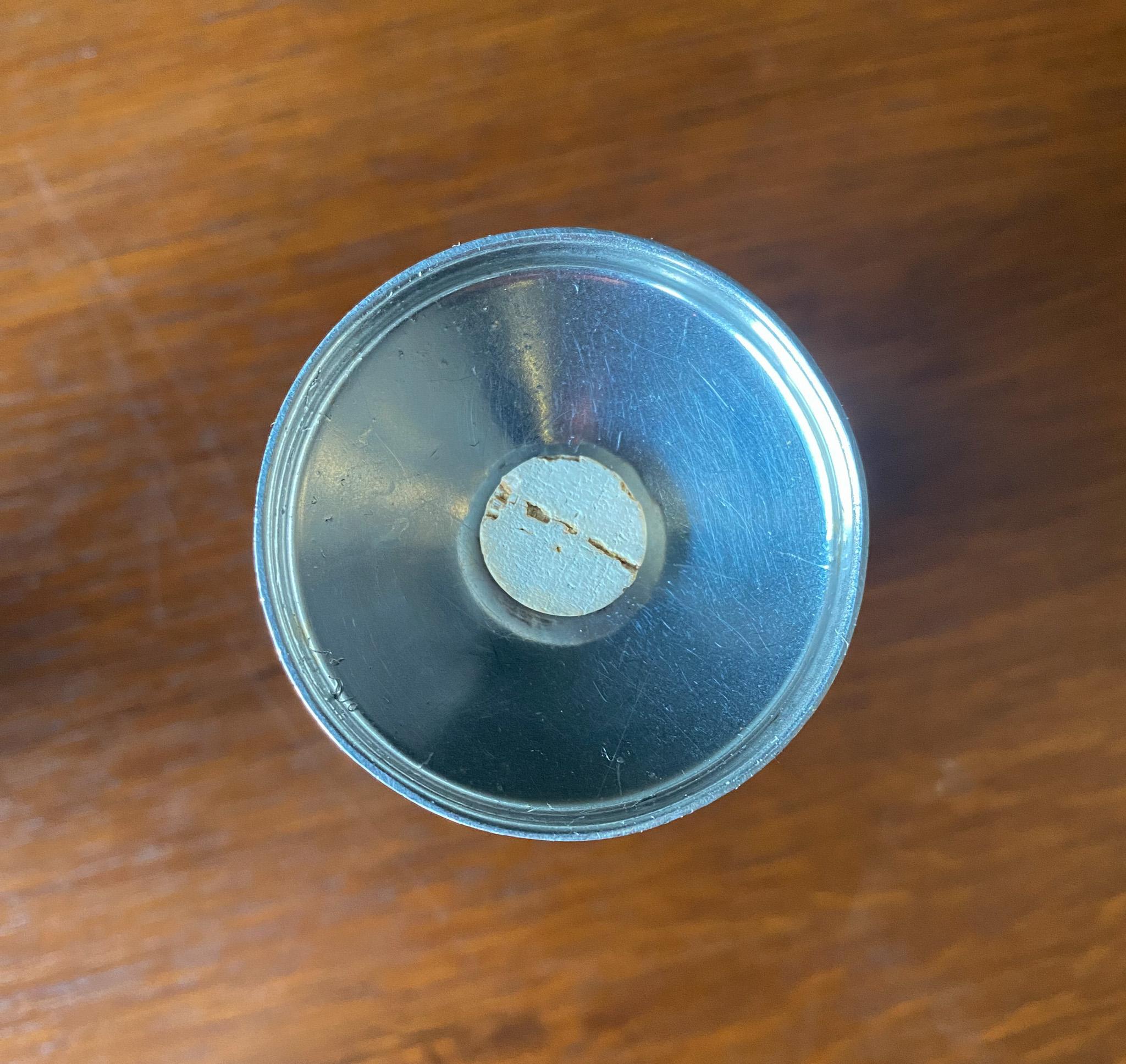 Mid Century Modern Stainless Steel Salt & Pepper Shakers Set, USA, 1950's 7
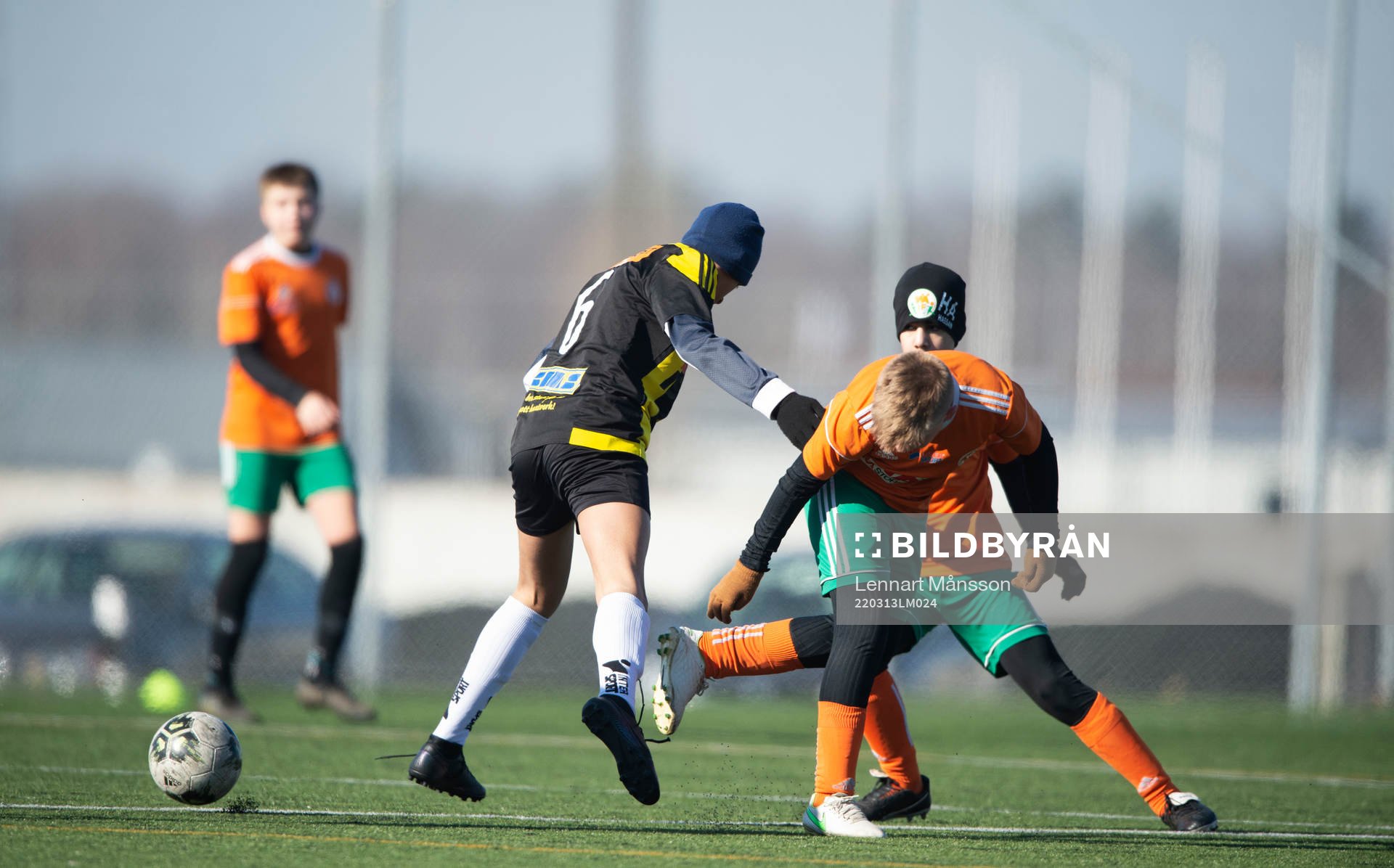 i matchen för U13 mellan IFK Hässleholm och Wä IF i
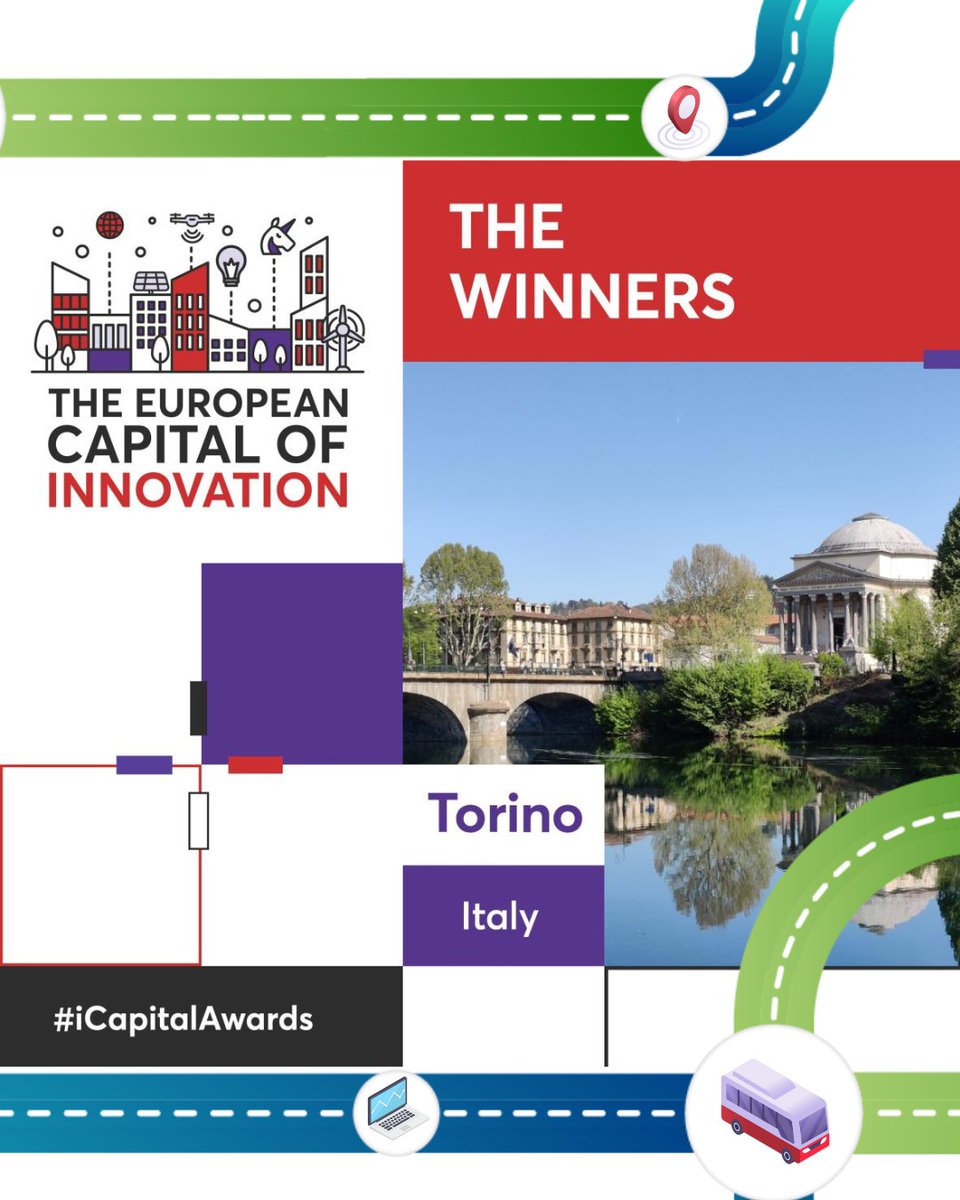 Torino è la Capitale Europea dell’Innovazione 2024!🏆
Leggi l’articolo su <a href="/TorinoClick/">TorinoClick</a>: torinoclick.it/territorio/e-t…
<a href="/GTT_Torino/">GTT Torino</a> <a href="/unito/">Università di Torino</a> <a href="/PoliTOnews/">Politecnico di Torino</a> <a href="/LinksFoundation/">Fondazione LINKS</a> <a href="/5Tlive/">5T</a> <a href="/piemonteinnova/">Fondazione Piemonte Innova</a> <a href="/twitorino/">Città di Torino</a> <a href="/EU_Commission/">European Commission</a> <a href="/TOSocialimpact/">Torino Social Impact</a> <a href="/fogliettachiara/">Chiara Foglietta</a> <a href="/lorusso_stefano/">Stefano Lo Russo</a> <a href="/EU_EISMEA/">EISMEA</a>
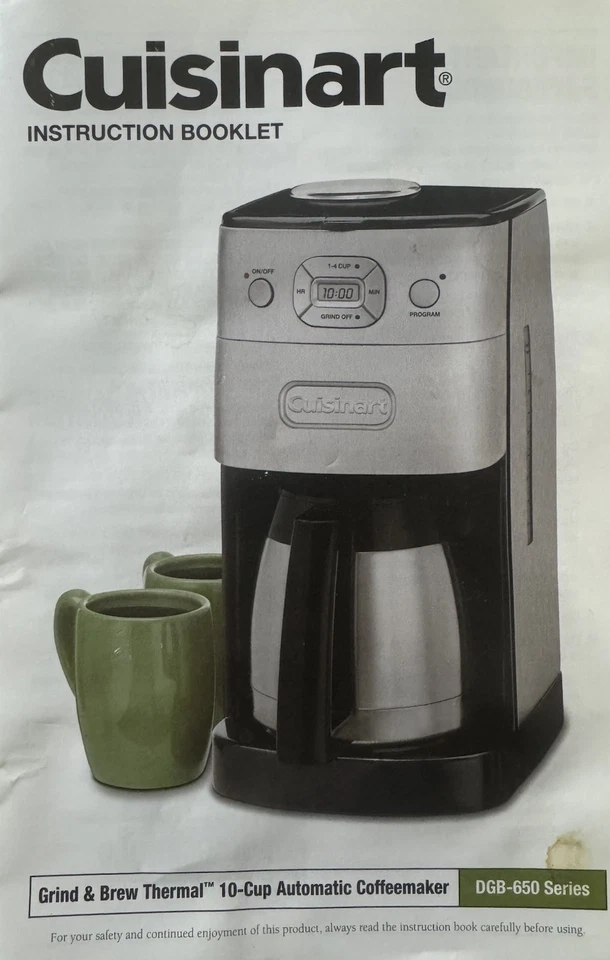 Cuisinart DGB-650 10-Cup Thermal Coffee Maker – Auto Brew & Grind - Image 3 of 4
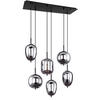 HÄNGELEUCHTE 80/34/120 cm  - Schwarz, Design, Glas/Metall (80/34/120cm) - Globo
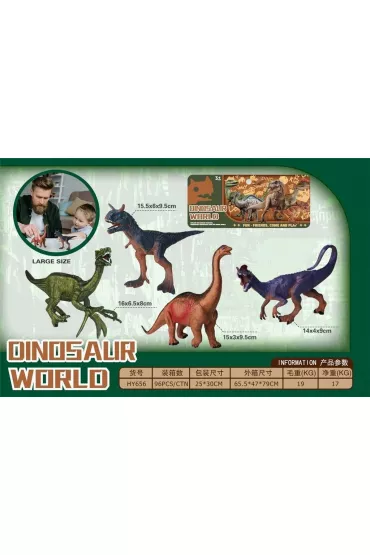 Zestaw dinozaur�w 4 szt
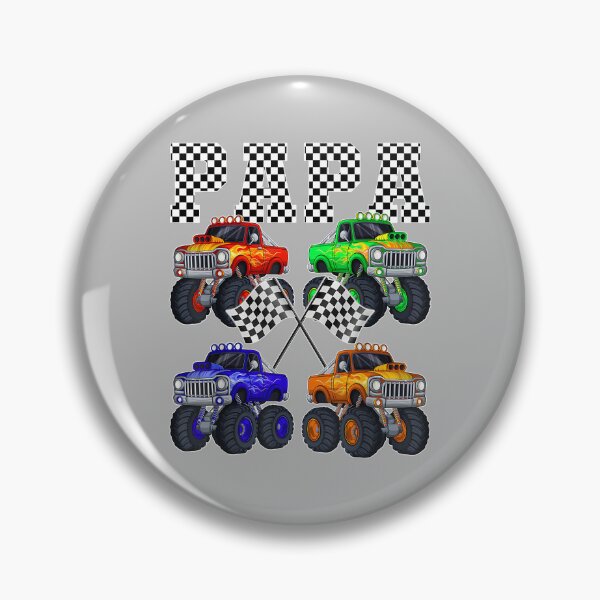 Item preview, Funny Monster Truck Papa Dad Daddy Happy Fathers Day Men designed and sold by ArleneRowe.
════════════════════
◆ Action item: All lines above with the word "href" need to be reported.

◆ Your solution:
Leggi l’articolo su <a href="/TorinoClick/">TorinoClick</a>: torinoclick.it/territorio/e-t…
<a href="/GTT_Torino/">GTT Torino</a> <a href="/unito/">Università di Torino</a> <a href="/PoliTOnews/">Politecnico di Torino</a> <a href="/LinksFoundation/">Fondazione LINKS</a> <a href="/5Tlive/">5T</a> <a href="/piemonteinnova/">Fondazione Piemonte Innova</a> <a href="/twitorino/">Città di Torino</a> <a href="/EU_Commission/">European Commission</a> <a href="/TOSocialimpact/">Torino Social Impact</a> <a href="/fogliettachiara/">Chiara Foglietta</a> <a href="/lorusso_stefano/">Stefano Lo Russo</a> <a href="/EU_EISMEA/">EISMEA</a>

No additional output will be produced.